*** Block opens ***
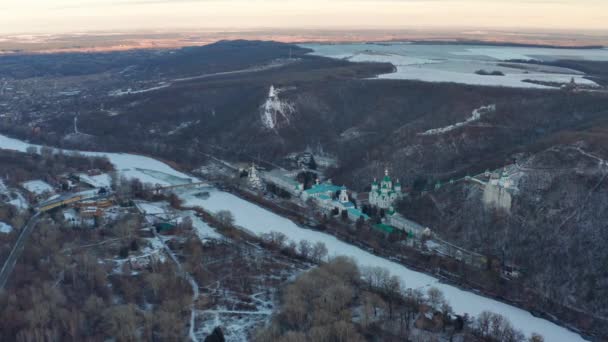 Vuelo de invierno sobre la Santa Dormición Svyatogorsk Lavra. Hay muchas iglesias arriba. Monasterio ortodoxo desde arriba. El río está cubierto de hielo. Paisaje invernal en la nieve. - Imágenes, Vídeo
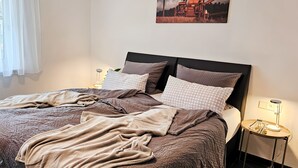Ein ordentlich bezogenes Bett mit einem karierten Kopfkissen, ein Nachttisch mit einer Lampe und ein Gemälde einer Ernteszene an der Wand.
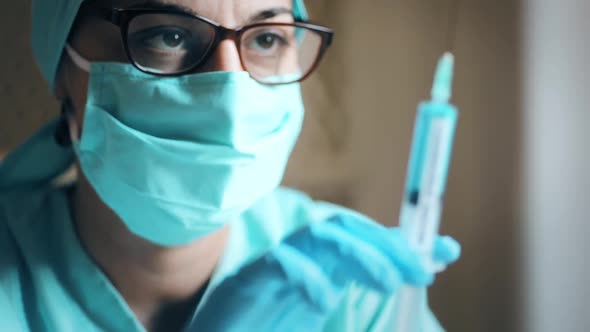 Conceptual video of a doctor holding a syringe with the coronavirus COVID-19 vaccine.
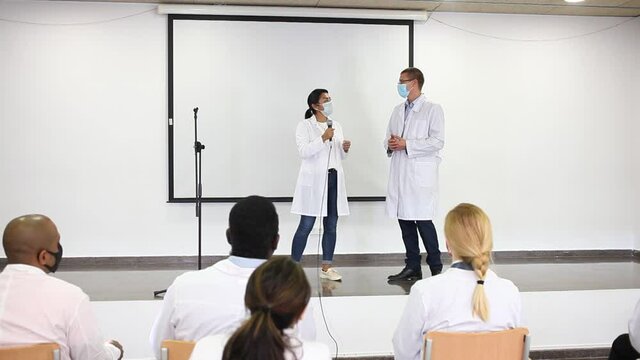 Two doctores wearing protective face mask to prevent viral infections standing with microphone on conference room stage, speaking to medical workers. High quality FullHD footage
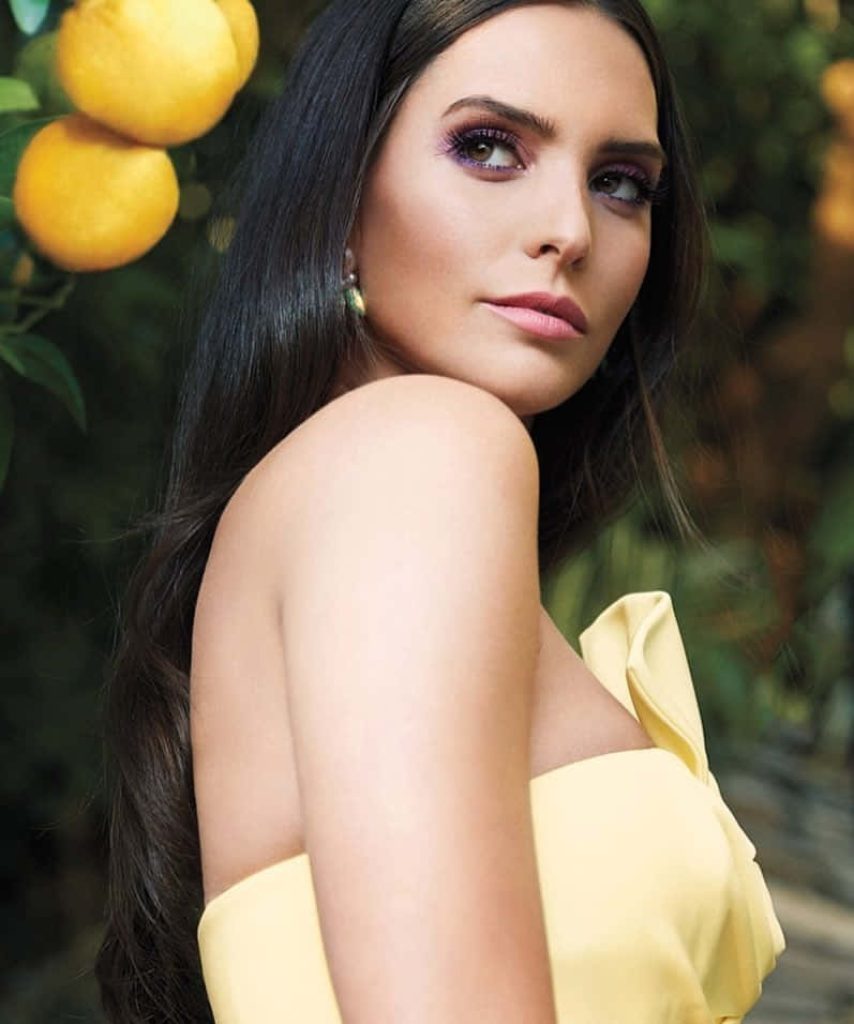 Portrait of Genesis Rodriguez in yellow top with soft-focus citrus tree background vibrant wallpaper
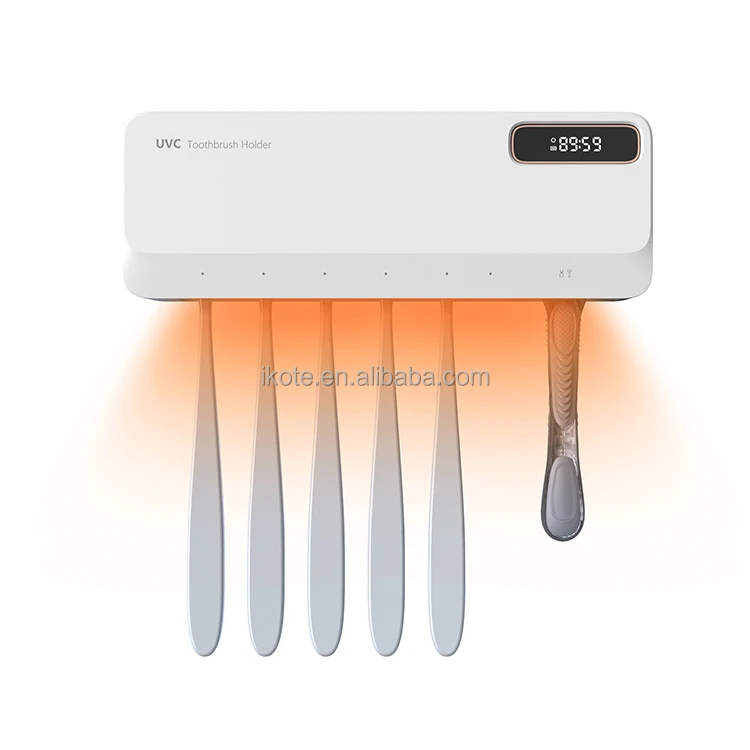 Electric UV Light Oral Care Toothbrush Holder Sanitizer with Kills 99.9% Bacteria Toothpaste Dispenser For Home Use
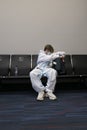 Airline Passenger wearing Face Mask and Hazmat Suit During the Coronavirus COVID-19 Pandemic in April 2020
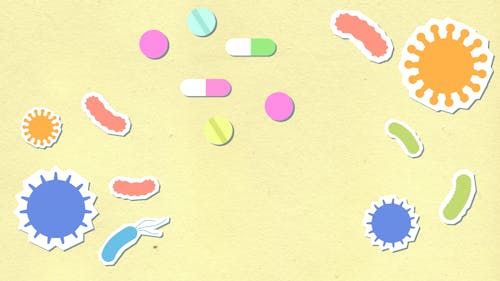 Paper cutout with viruses and pills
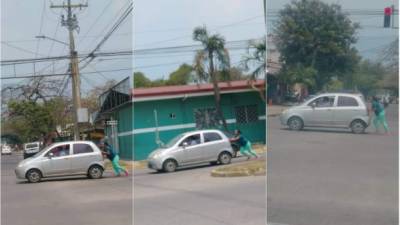 La secuencia de imágenes de la mujer empujando un vehículo en la ciudad de San Pedro Sula, zona norte de Honduras.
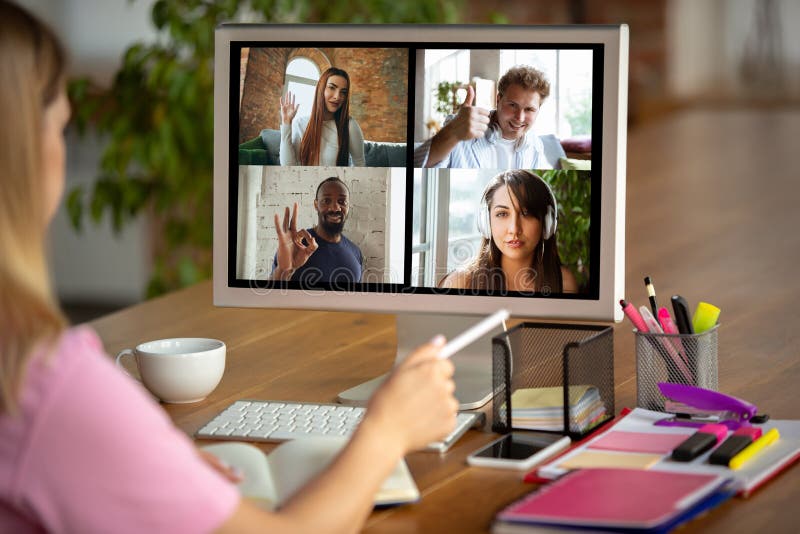 Remote meeting. Woman working from home during coronavirus or COVID-19 quarantine, remote office concept. stock images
*** Block closes ***
**Work request**
From the records above, give again only the part that opens with the line containing "Electric UV Light" and closes with the line containing "La secuencia de". Keep both ends but drop the pictures.

**Answer below**
 Electric UV Light Oral Care Toothbrush Holder Sanitizer with Kills 99.9% Bacteria Toothpaste Dispenser For Home Use
 Airline Passenger wearing Face Mask and Hazmat Suit During the Coronavirus COVID-19 Pandemic in April 2020
 Paper cutout with viruses and pills
 La secuencia de imágenes de la mujer empujando un vehículo en la ciudad de San Pedro Sula, zona norte de Honduras.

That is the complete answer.